The team will develop a feedback mechanism in the next phase of the project.
“Feedback could eventually be real-time,” Barnes said. “For example, during an interaction, you could provide a vibration – but not a sound so only the clinician knows – to let him or her know to slow down or stop using medical jargon.
“In some fields, like aviation, sensors are used to monitor many different systems on the plane and then give the pilots feedback about what’s going on. We’re doing something similar except from the human interaction standpoint.”
Barnes envisions this tool, called CommSense, being used in extremely sensitive exchanges like end-of-life palliative care. She also hopes the device could be used as a training tool for new physicians and nurses.
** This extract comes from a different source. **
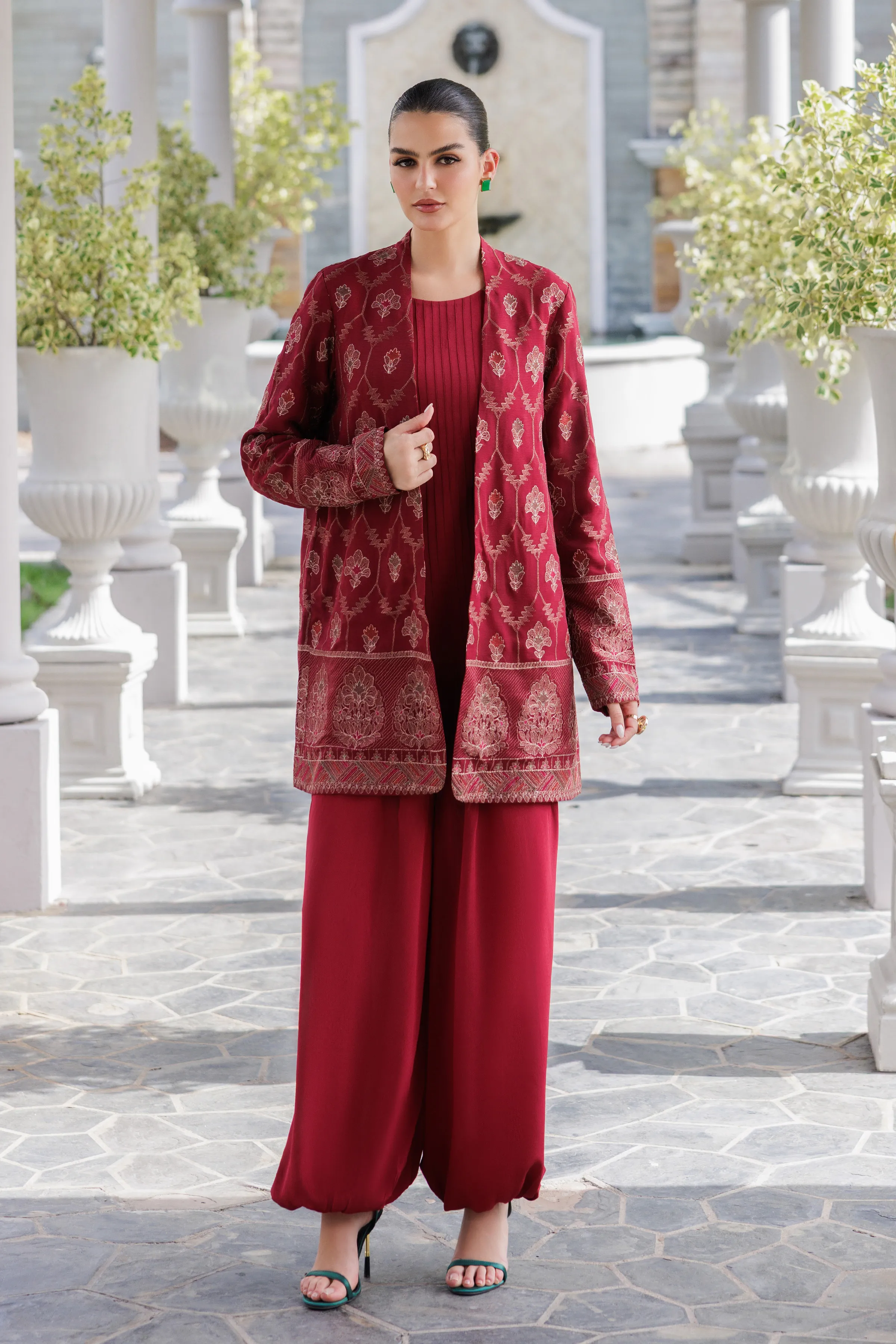 Retail Price: 25,075/-PKR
“We also want to gather data about body language, heart rate and other physiological metrics to keep building a bigger communication picture and give health care providers more ‘flight controls,’” she said.
Barnes was recently named associate director of the Link Lab, UVA’s highly collaborative, cross-disciplinary center for cyber-physical systems research, which includes strong programs in smart health. A founding member of the research center, she focuses her research on designing mobile and wearable wireless technologies that help to better understand human behavior – and how that information can help improve health. Other projects include managing medication adherence and monitoring and treating anxiety.
As a Link Lab co-leader, Barnes will spearhead University-wide efforts in smart and connected health research. She also will work with Link Lab’s new director, professor of civil and environmental engineering Jon Goodall, on strategic planning for the center.
Barnes' work was made possible by a seed grant from the UVA Center for Engineering in Medicine.